The bank’s counterclaim focused on Reynolds’ involvement with a soured Bank of Indiana loan that was brokered by Surinder Multani, an Illinois man federal prosecutors allege helped prepare dozens of fraudulent loan applications around the country. He’s serving an 11-year prison sentence after a guilty plea in 2010.
Reynolds, working with Multani, misrepresented to Bank of Indiana officials key elements of a $1.7 million loan the bank issued to fund the acquisition of a convenience store, gas station and car wash, according to the bank’s counterclaim.
Reynolds said, for instance, that the purchase price of the properties was $2.5 million when it really was $1.2 million. He also represented that the borrower would put $740,000 in cash into the deal when the borrower actually took out $461,000.
The actual terms would have run afoul of the bank’s lending standards and not been approved, said Mark Waterfill, a partner with Benesch Friedlander Coplan & Aronoff representing the bank.
“We believe Mr. Reynolds was motivated to make loans because he was under pressure to improve his performance,” Waterfill said. “We think the jury was convinced that Mr. Reynolds was providing information that was so far from the truth that he had to be liable.”
Kyle Mandeville, a Lafayette attorney representing Reynolds, said his client is preparing to appeal.
“We certainly dispute the bank’s version of the facts,” he said. “It was a bad loan that was reviewed by many officers of the bank.”
Bank of Indiana took a $2 million hit on the loan in 2009, contributing to a $4 million loss for the year.

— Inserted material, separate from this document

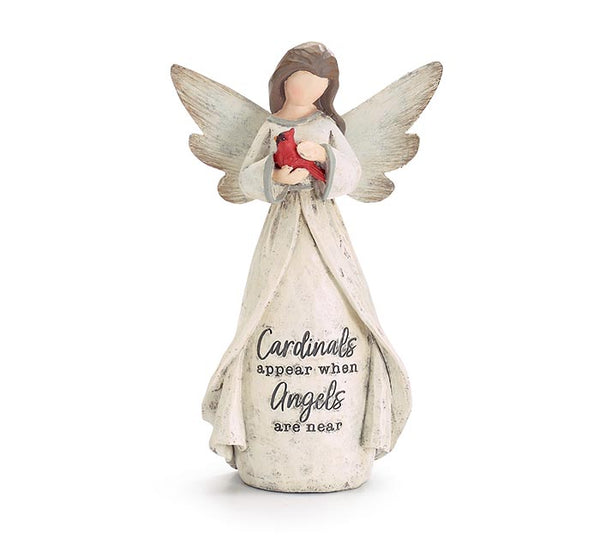 Cardinal Angel Figurine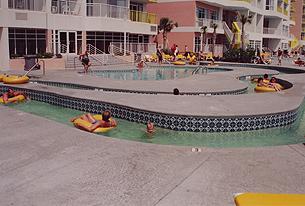 Lazy River and swimming pools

Around the same time, the economy was beginning to take its toll on Bank of Indiana’s customers, straining their ability to repay loans.
Bank of Indiana focused largely on agricultural loans and those issued under SBA loan programs. While the federal government guarantees the bulk of the SBA loans, the lender is on the hook for the remainder if a borrower defaults.
Pressures were growing when Montel took the helm. An intense man prone to answering questions with a firm “yes, sir,” and “no, sir,” Montel said he brought to the job a willingness “to speak with candor to the board” about the extent of the bank’s challenges and a drive to change direction.
There was plenty to do, thanks to carnage wrought by the recession and previous management’s decision to launch lawsuits against a variety of parties.
Too many lawsuits, Montel believed, since they were costly to pursue and took management’s eye off running the bank. One case he dispatched quickly was a high-profile securities fraud suit the bank filed in 2010 against Estridge Cos. over its failure to repay the bank’s $1 million investment.
The suit accused the homebuilder and Indiana Securities, the underwriter of the offering, of securities fraud. It also accused Krieg DeVault—which provided legal services to the bank, Estridge and Indiana—of malpractice.
Montel said he has “enormous respect for Paul Estridge Jr. and Krieg DeVault,” where he practiced before forming his own firm.
He added: “Stakeholders in Indiana Bank Corp. invested in a financial institution. Nowhere was litigation a revenue platform. We are departing the litigation business and we are returning to sound conservative banking.”
Former CEO Dan Fehrenbach, who remains a member of Indiana Bank Corp.’s board, declined to comment.
Adding to the challenge, Montel said, were burdensome new federal regulations created in the aftermath of the financial crisis, as well as what he considers overly restrictive lending standards enforced by examiners.
“The regulatory environment—the paper that comes out of D.C.—treats commercial real estate lending as if it were wearing a hoodie,” Montel said. That “almost violent suspicion” prevents the bank from making some loans that not only would be sound but would help the local economy gain traction.
Crunch time for Bank of Indiana came in the second half of last year. The first challenge: Were there sufficient reserves at the holding company for the bank to tap to fund the massive provision for loan losses?
Fortunately, the answer was yes.
The next challenge: Because of the bank’s deterioration, if it wanted to continue holding public deposits, it needed to increase the collateral backing those deposits from 50 percent to 100 percent. Did it have sufficient liquidity?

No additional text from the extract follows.